Yes Tom, it makes sense as you describe it - you appear to have the gist of this.

The complexity does increase quickly with the length of the verb trains, and many members of this forum appear to have mastered their readability instantly (I still need to think !). The gurus here seem to be able to just analyse the train itself. I find I need to consider data by example to fully understand it (and always remember to break it down and experiment).

Note that 1: and 2: as verbs returning the constant 1 and 2 respectively are an artifact of an earlier version of J. The same can now be achieved for constants without the : as in ...

odds =: 1 + 2 * i.

which achieves the same thing.

The nesting of verb trains is clear in this example also, read it as a higher order fork of 3 verbs ...
     1      +     (2 * i.)
     f       g          h

where h is itself a fork of 3 verbs (2 * i.). Hooks can be understood the same way, so (f g h i) can be read as (f (g h i)), which is a hook (2 verbs) the 2nd of which is a fork (3 verbs).

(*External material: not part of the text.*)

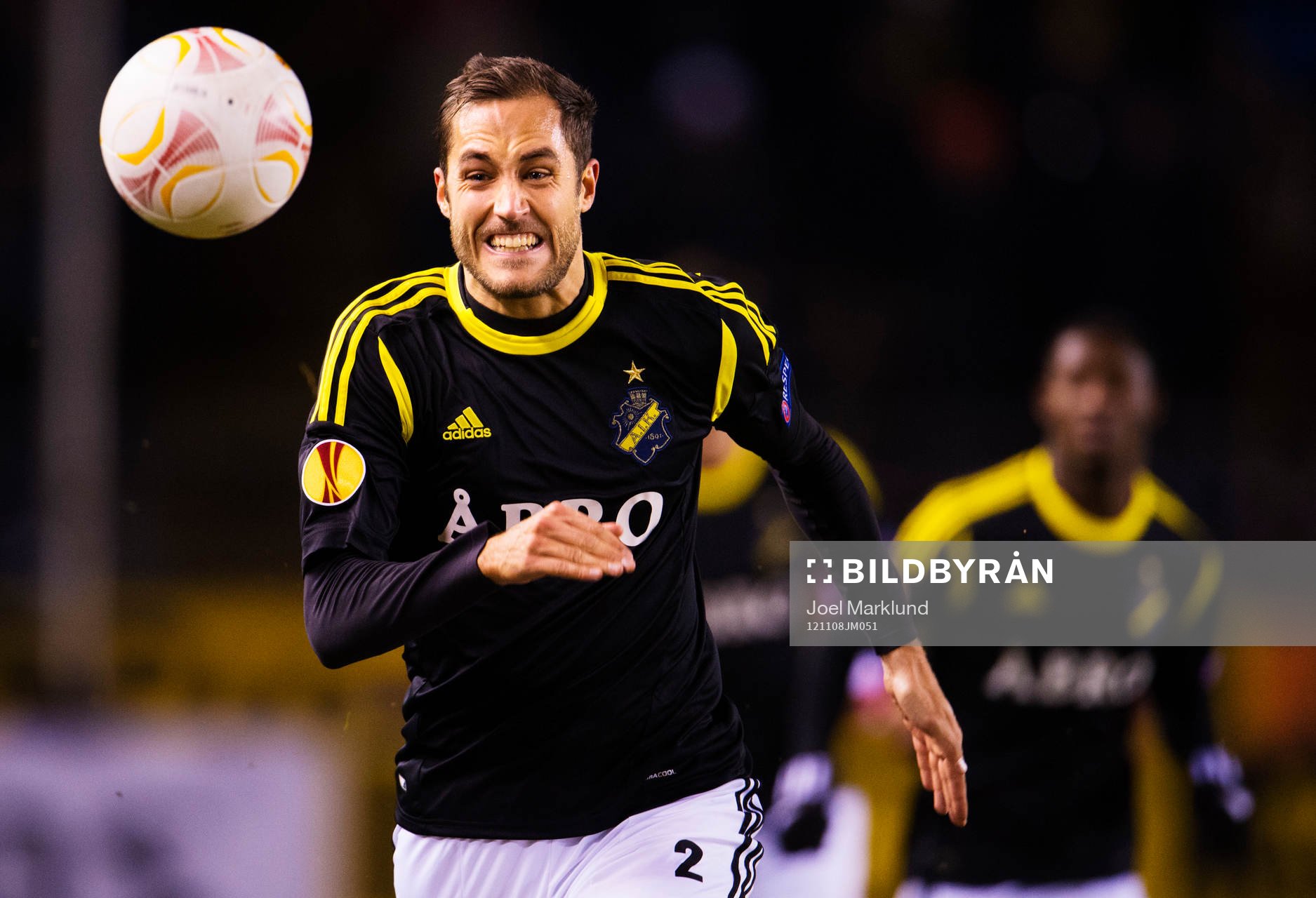 Nicklas Backman, AIK, jagar bollen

So now you can also see this result:
     (- % + -) 3                           NB. 3 - ((%3) + (-3))
5.66666666667

Again these can all be best understood with examples. And given you have the basics here I would highly recommend Henry's book as John suggested to gain a complete understanding.

Thanks for the feedback, I will try to follow up (not good at this !).../Rob Hodgkinson

PS: Another tip to help learn in case you missed it ... type in an expression, place the cursor on a verb you don't understand, press Ctrl-F1 to bring up browser help on that verb from the dictionary (if on a Mac you have to use <fn-Command-F1>.

On 15/11/2008, at 4:21 PM, List wrote:


Does any of the above make any sense?